Whenever I talk to audiences about the UK economy, particularly younger ones, I find it necessary to remind them that it has not always been like this. Such as been the stability of recent years that, not only do I have to pinch myself to be sure it is not a dream, but the memories of the wild volatility of the past start to fade, even for me.

Thus, the economy has grown consistently, quarter-on-quarter, since as long ago as the spring of 1992. By next spring, barring accidents, the recovery will have been in place for 13 years. Thinking about it in terms of the lengths of parliaments – assuming we have a general election about then – the upturn will have lasted three. Put another way, the Tories still had another five years to run in government when the economy emerged from its last recession.

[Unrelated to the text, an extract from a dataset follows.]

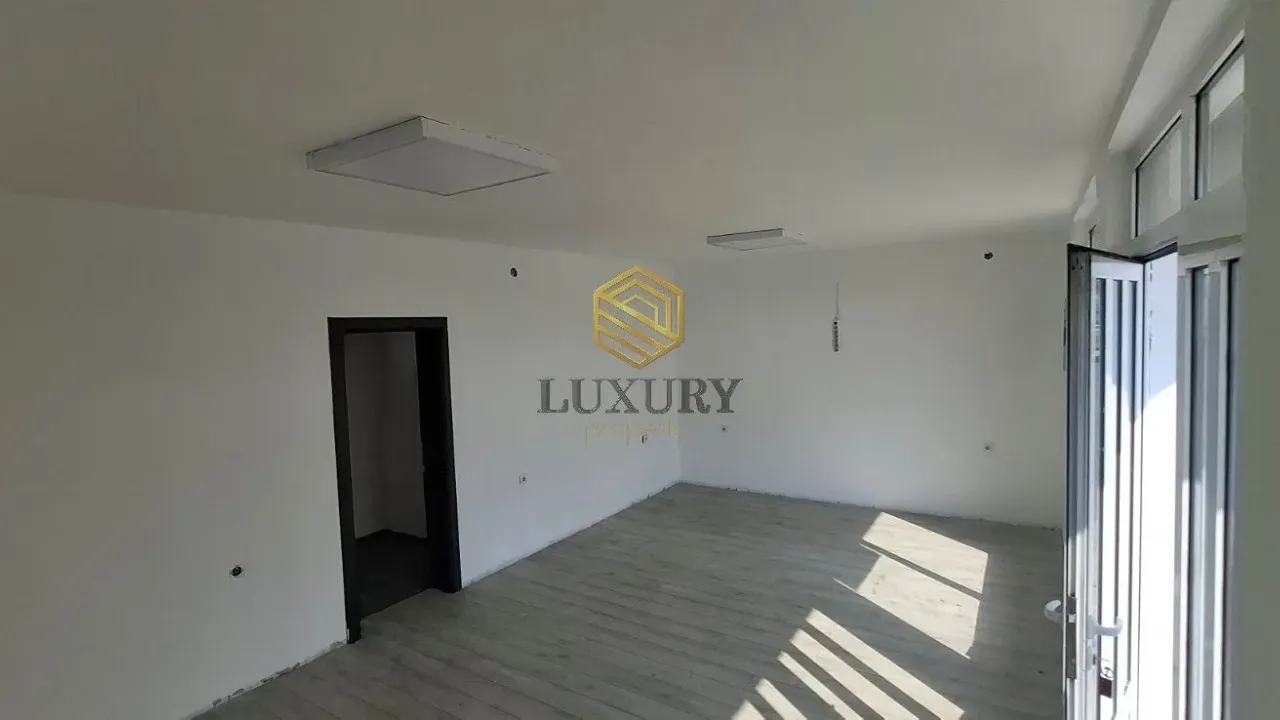 Rent, office space, 48m², Donja Gorica, Podgorica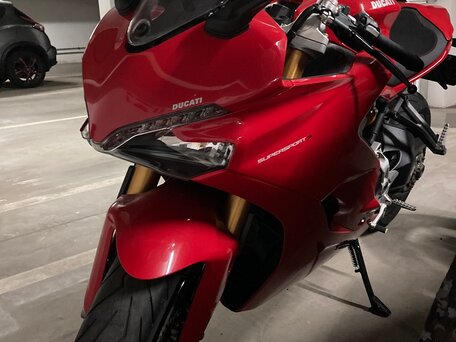 2017 Ducati Supersport, красный, 1031594 рублей, вид 5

This success is not purely a New Labour phenomenon. The current long run of growth was well-established well before Gordon Brown took the helms at the Treasury, although the Conservatives and Kenneth Clarke were unable to take political advantage of it.

The current run of growth is, as the chancellor keeps reminding us, the longest since quarterly records began in the 1950s, and since annual records started 200 years ago. It is likely, given the natural volatility of the economy in pre-industrial days (the vagaries of climate and harvests) that we are living in the most enduring recovery ever.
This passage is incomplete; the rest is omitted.